Data follows below. Repeat exactly the lines between the line holding "Tomorrow Might Be" and the line holding "PROBLEMATIC SUMMER ROMANCE", inclusive, and nothing more; drop pictures.

BEGIN MATERIAL FOR THE TASK

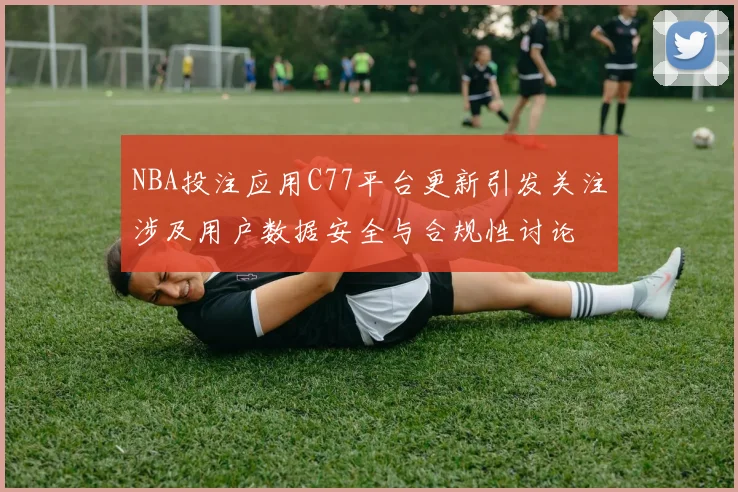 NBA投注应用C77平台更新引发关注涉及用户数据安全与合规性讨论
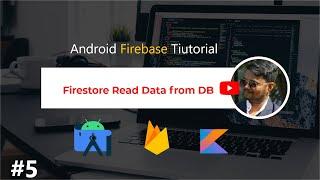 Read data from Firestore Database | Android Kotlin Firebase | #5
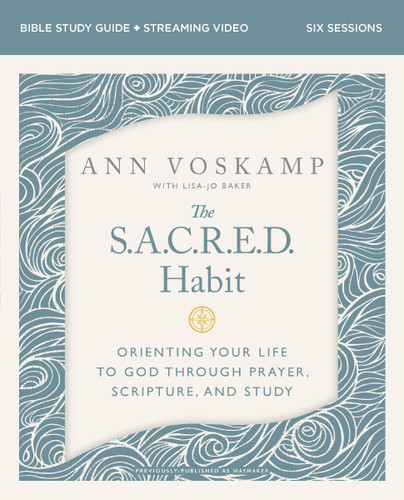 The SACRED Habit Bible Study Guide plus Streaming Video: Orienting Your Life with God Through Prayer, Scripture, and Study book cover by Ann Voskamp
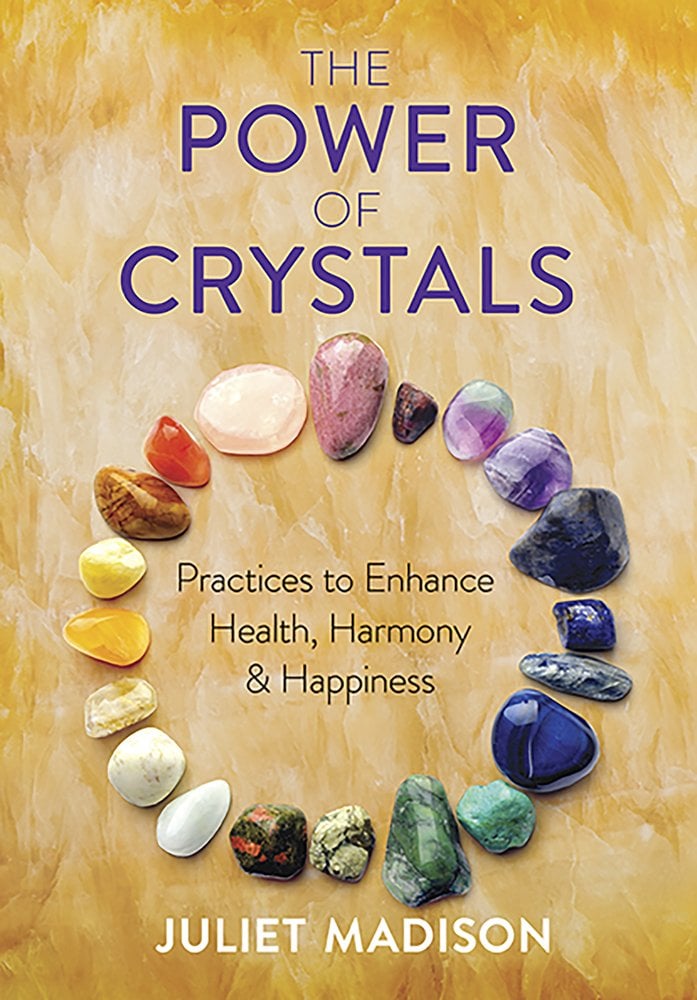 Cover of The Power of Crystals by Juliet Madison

END MATERIAL FOR THE TASK
BEGIN MATERIAL FOR THE TASK

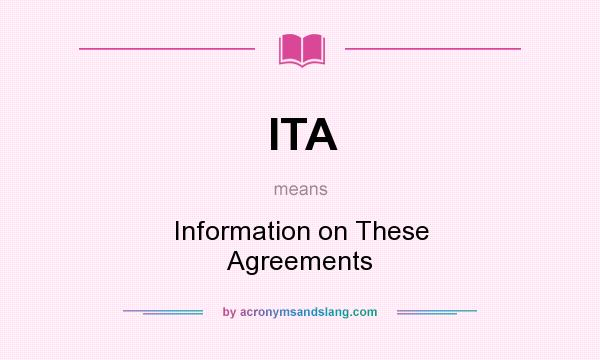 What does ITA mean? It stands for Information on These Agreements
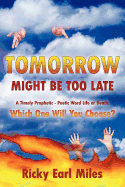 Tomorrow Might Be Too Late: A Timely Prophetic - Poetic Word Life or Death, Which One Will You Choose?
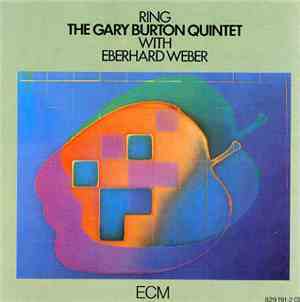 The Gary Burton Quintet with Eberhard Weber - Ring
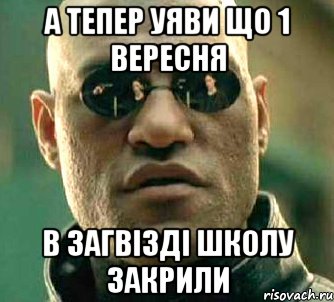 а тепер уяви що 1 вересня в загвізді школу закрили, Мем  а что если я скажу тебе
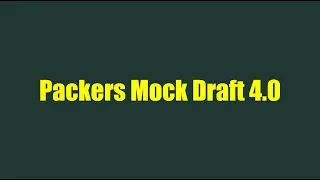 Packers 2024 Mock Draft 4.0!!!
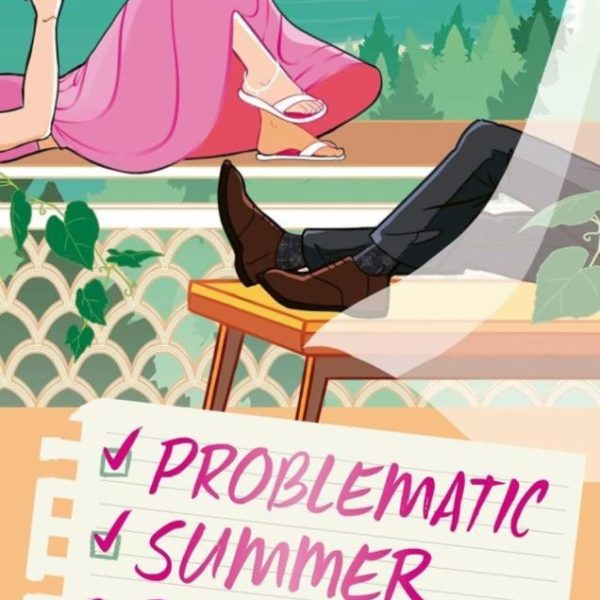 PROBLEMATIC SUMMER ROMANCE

END MATERIAL FOR THE TASK

ANSWER AREA |
 Tomorrow Might Be Too Late: A Timely Prophetic - Poetic Word Life or Death, Which One Will You Choose?
 The Gary Burton Quintet with Eberhard Weber - Ring
 а тепер уяви що 1 вересня в загвізді школу закрили, Мем  а что если я скажу тебе
 Packers 2024 Mock Draft 4.0!!!
 PROBLEMATIC SUMMER ROMANCE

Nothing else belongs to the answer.